_What to work on_
Reproduce each line, exactly, from the one containing "Diced bacon in a fying pan cooking" through the end of the material. Exclude pictures.

Dataset excerpt START

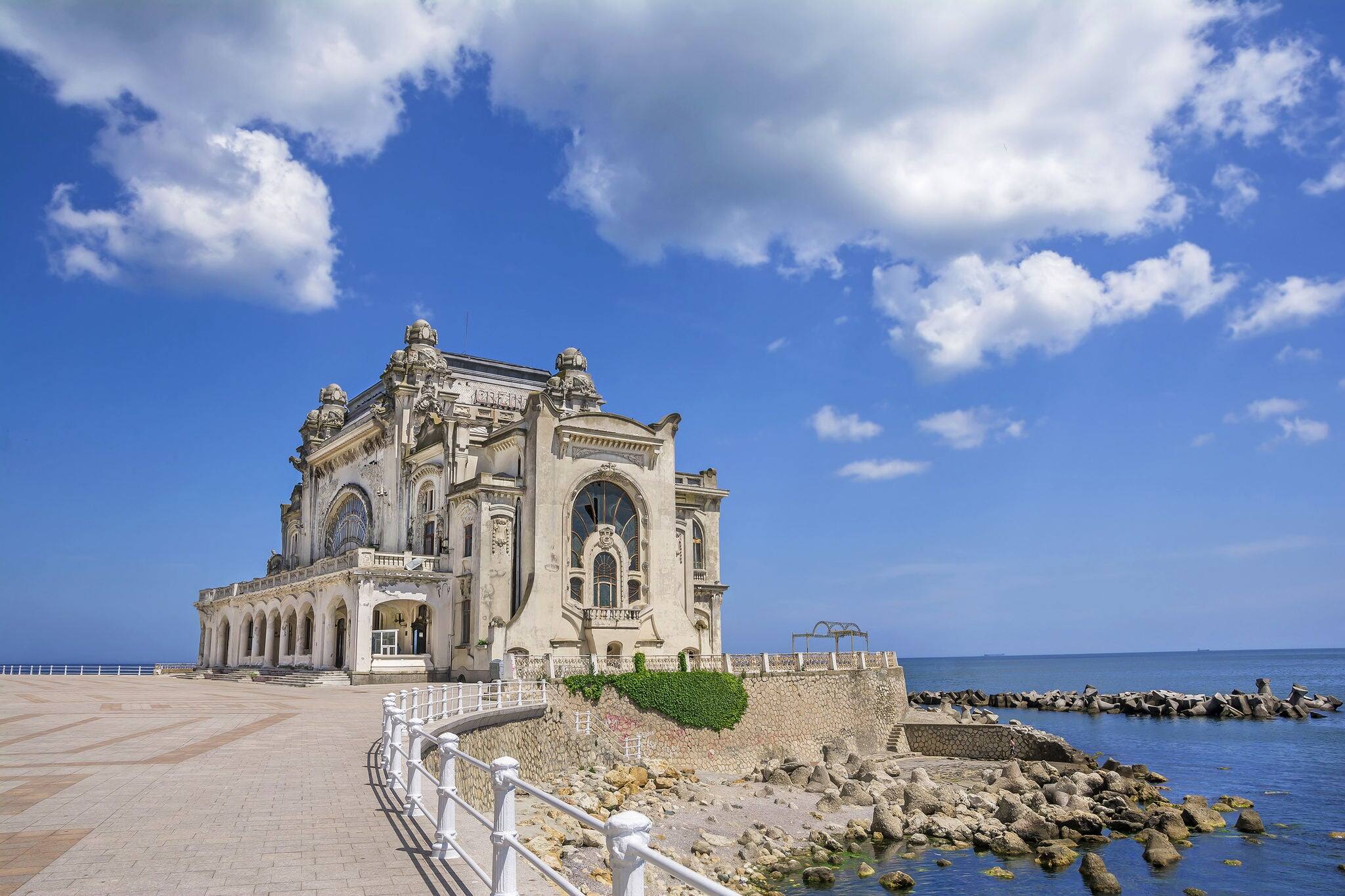 Beautiful summer landscape with Old Casino, symbol of the Constanta city, Romanian coastal destination at  the Black Sea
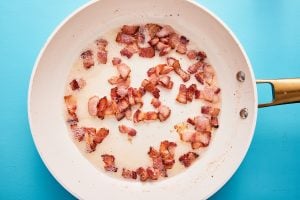 Diced bacon in a fying pan cooking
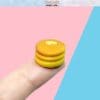 Tiny pancake stack with butter detail on a fingertip, against a pink and blue background.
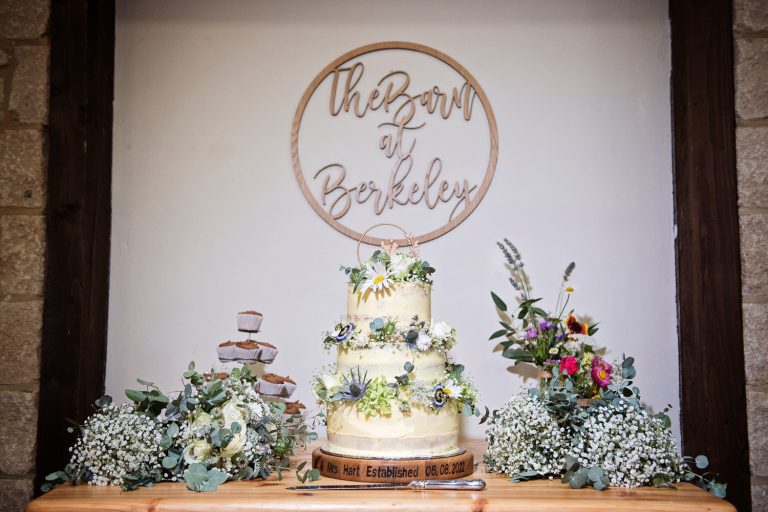 Beautiful tiered wedding cake with The Barn at Berkeley sign behind it.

Dataset excerpt END

_Exercise solution_
 Diced bacon in a fying pan cooking
 Tiny pancake stack with butter detail on a fingertip, against a pink and blue background.
 Beautiful tiered wedding cake with The Barn at Berkeley sign behind it.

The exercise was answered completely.